_MATERIAL PROVIDED:_
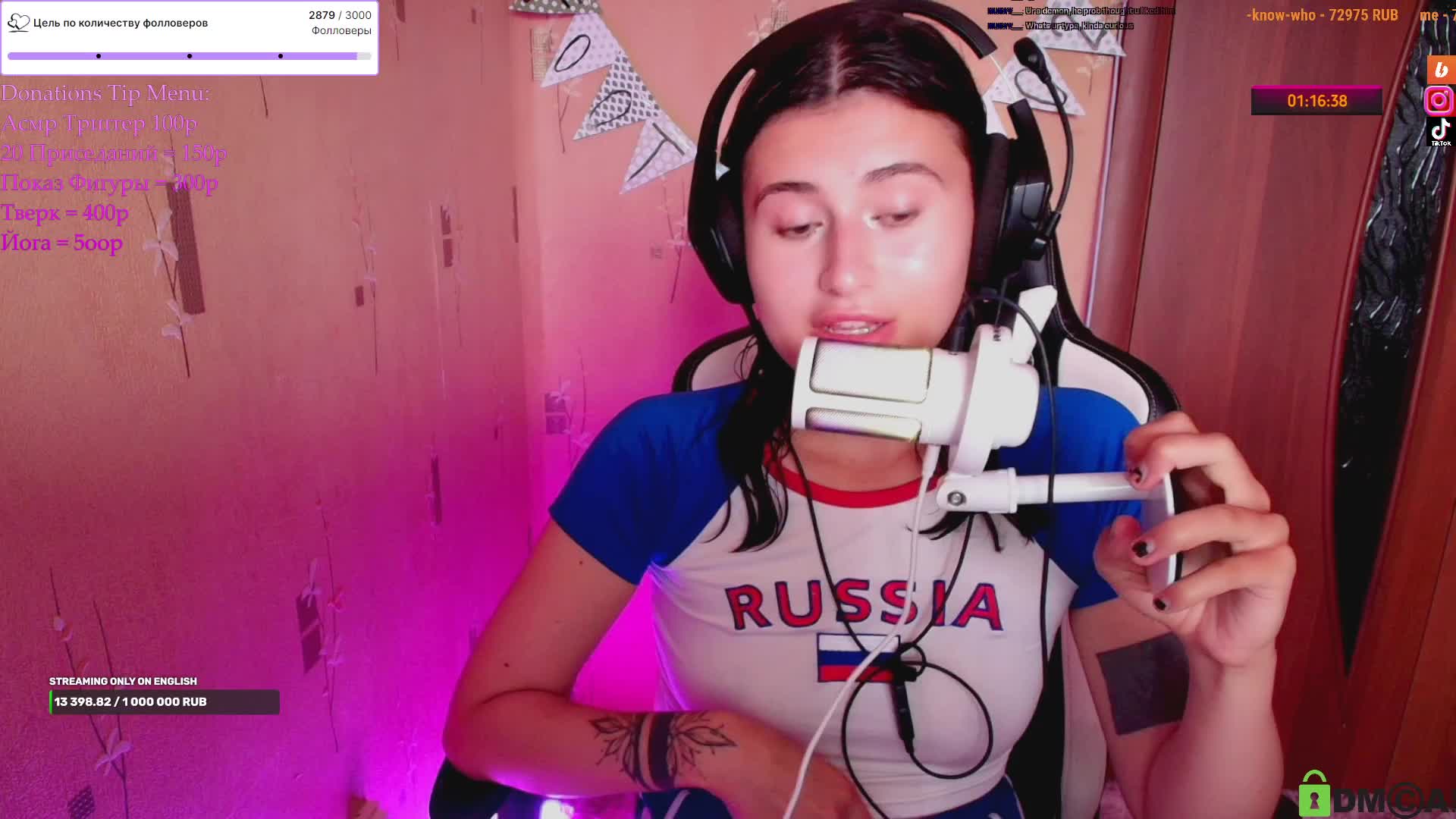 KristinaScott Live Sex June 18, 2026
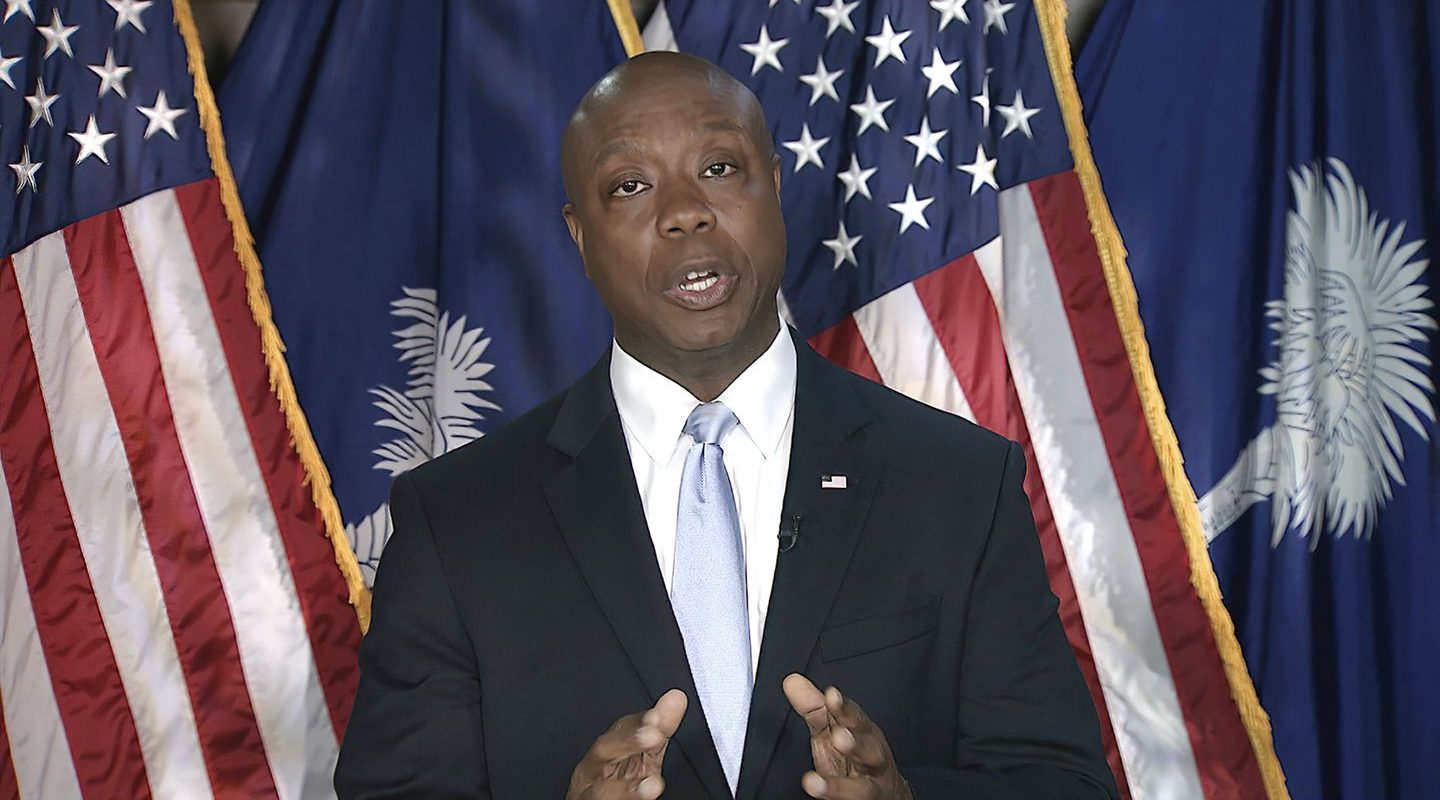 Lifering Podcast - Senator Tim Scott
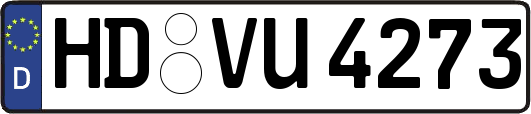HD-VU4273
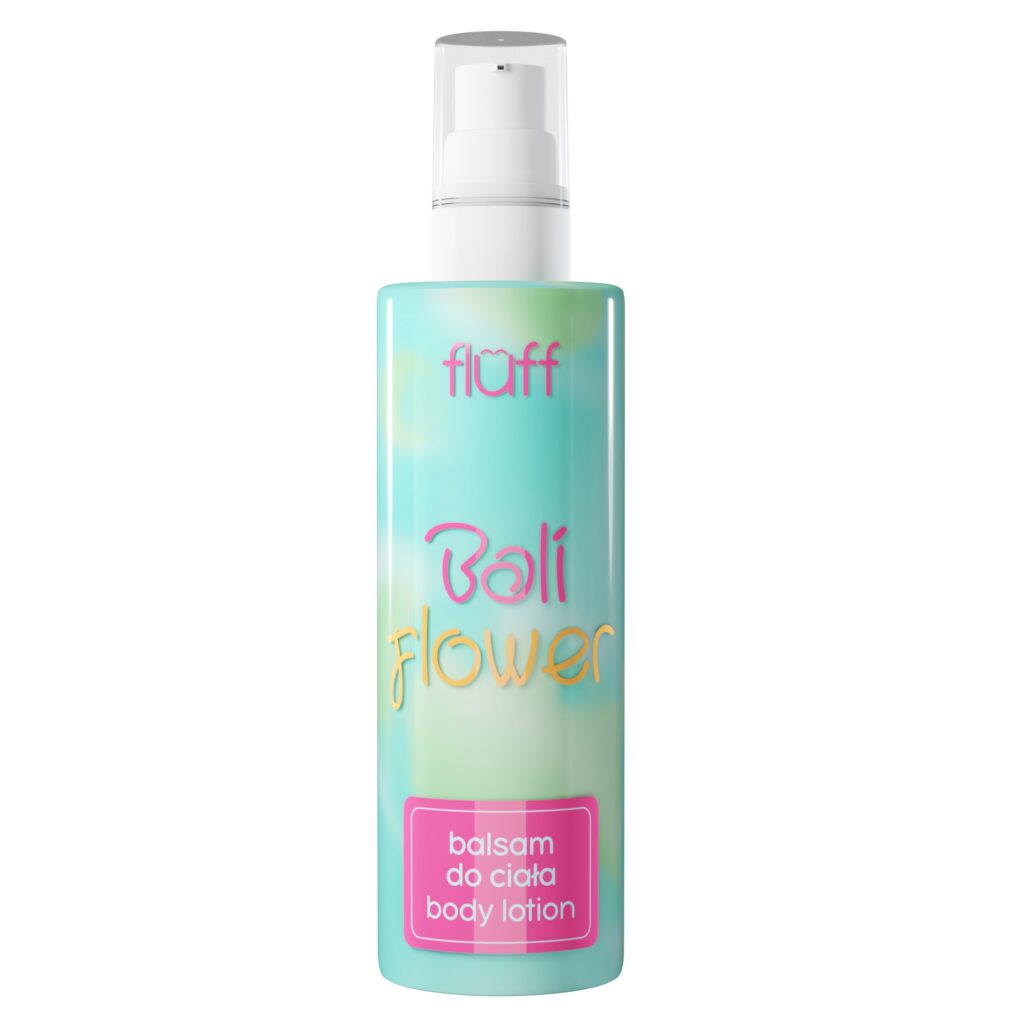 Fluff Body Lotion - Bali Flower 160 ml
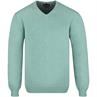 CASAMODA V-Pullover mint
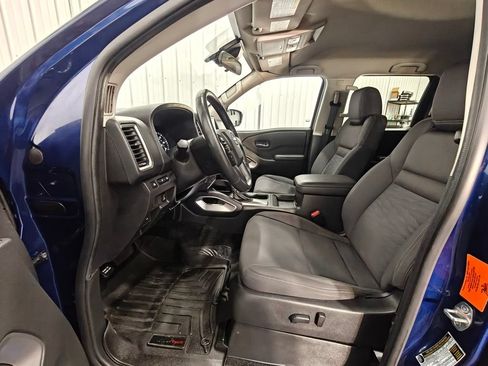 Used 2023 Nissan Frontier SV w/ Technology Package AWD/4WD image 26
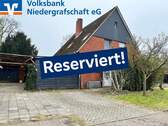 Vordere Ansicht - #RESERVIERT#Einfamilienhaus in zentraler Lage von Wilsum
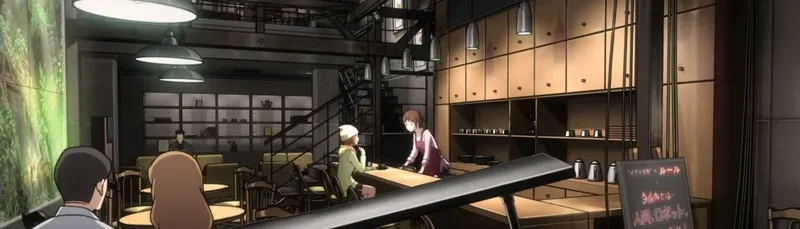 La OVA de ciencia ficción Time of Eve ya está disponible en Crunchyroll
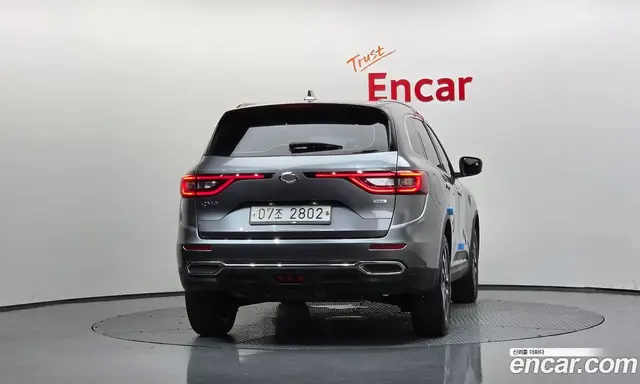 Renault (Samsung) QM6 2019 2.0 автомат (гидро), миниатюра 4 Renault (Samsung) QM6 2019 2.0 автомат (гидро), миниатюра 4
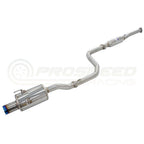 Invidia G200 70mm Cat Back Exhaust - Honda Civic EK 96-00 (Hatch) - Revzone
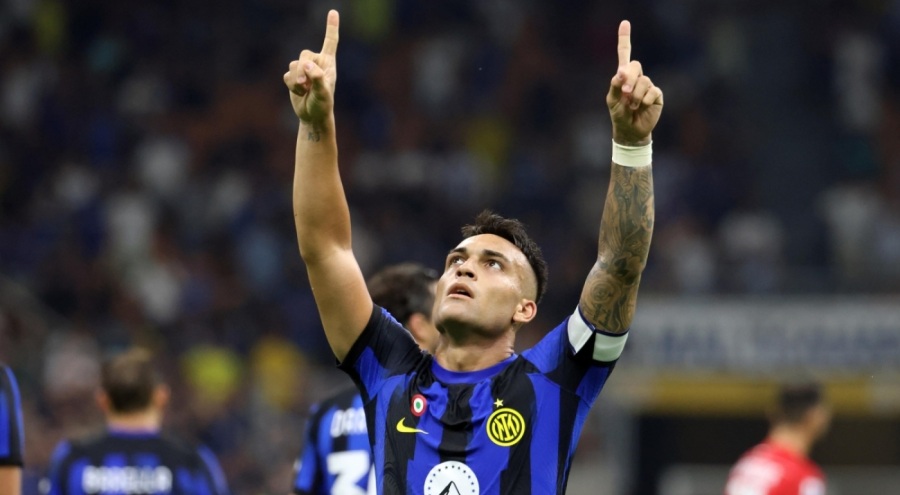 Lautaro Martinez, kariyerinin en iyi sezon başlangıcını yaptı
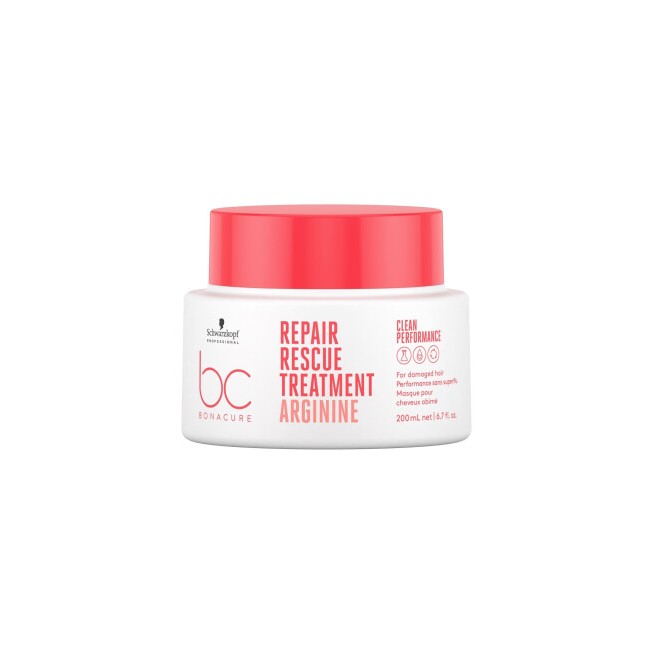BC CLEAN PERMOR REPAIR RESCUE TREATMENT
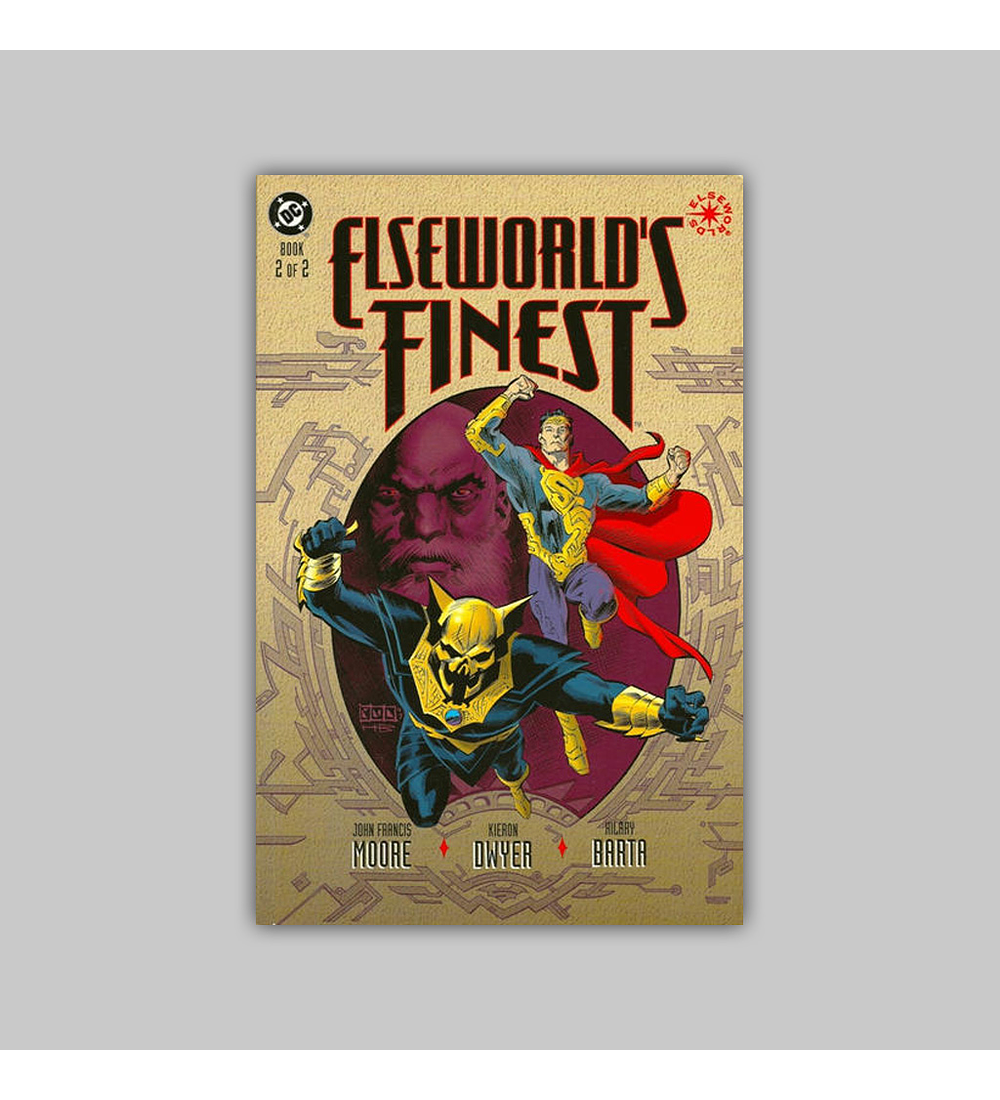 Elseworld's Finest 2 1997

_EXERCISE INSTRUCTIONS:_ Your answer must be the lines from the one holding "Invidia G200 70mm" through the final line of the records above, exactly as written and without any pictures.

_ANSWER SPACE:_
 Invidia G200 70mm Cat Back Exhaust - Honda Civic EK 96-00 (Hatch) - Revzone
 Lautaro Martinez, kariyerinin en iyi sezon başlangıcını yaptı
BC CLEAN PERMOR REPAIR RESCUE TREATMENT
 Elseworld's Finest 2 1997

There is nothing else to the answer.